Work order
Each line below must be reproduced exactly, though the pictures are to be dropped.

Source material
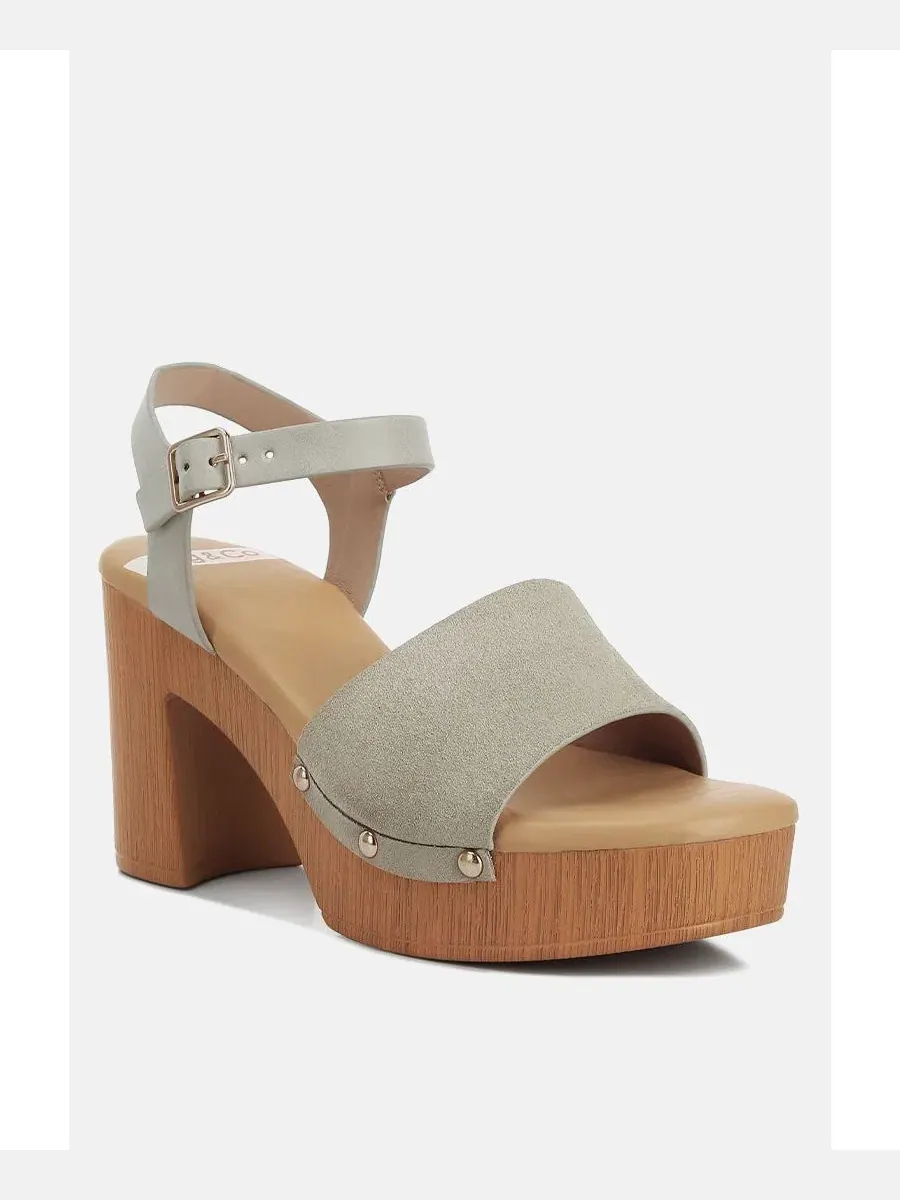 Женские сандалии Daniela из натуральной замши на высоком каблуке Rag & Co — изображение 2 из 6, бежевый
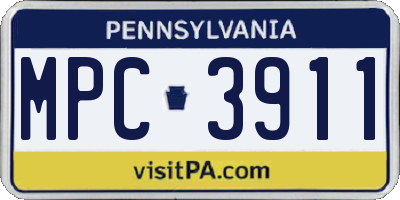 PA license plate MPC3911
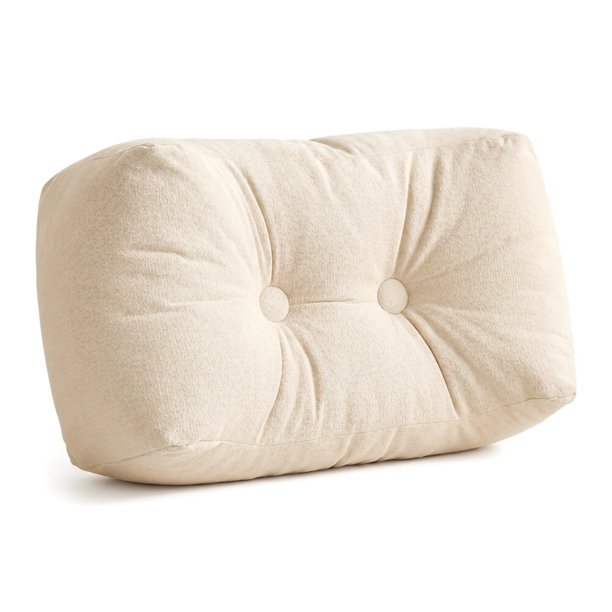 REGALWOVEN Almohada de soporte lumbar de algodón para respaldo y comodidad al sentarse y conducir Beige claro-marrón 18.9x9.8x7.5 pulgadas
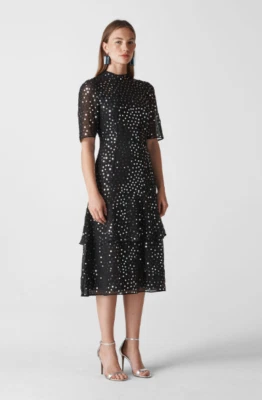 Vestido Whistles Negro/Multi Ivanna Lentejuelas Niveles Espalda Abierta Manga Corta Talla 8 Foto 1 de 4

Answer to this exercise
 Женские сандалии Daniela из натуральной замши на высоком каблуке Rag & Co — изображение 2 из 6, бежевый
 PA license plate MPC3911
 REGALWOVEN Almohada de soporte lumbar de algodón para respaldo y comodidad al sentarse y conducir Beige claro-marrón 18.9x9.8x7.5 pulgadas
 Vestido Whistles Negro/Multi Ivanna Lentejuelas Niveles Espalda Abierta Manga Corta Talla 8 Foto 1 de 4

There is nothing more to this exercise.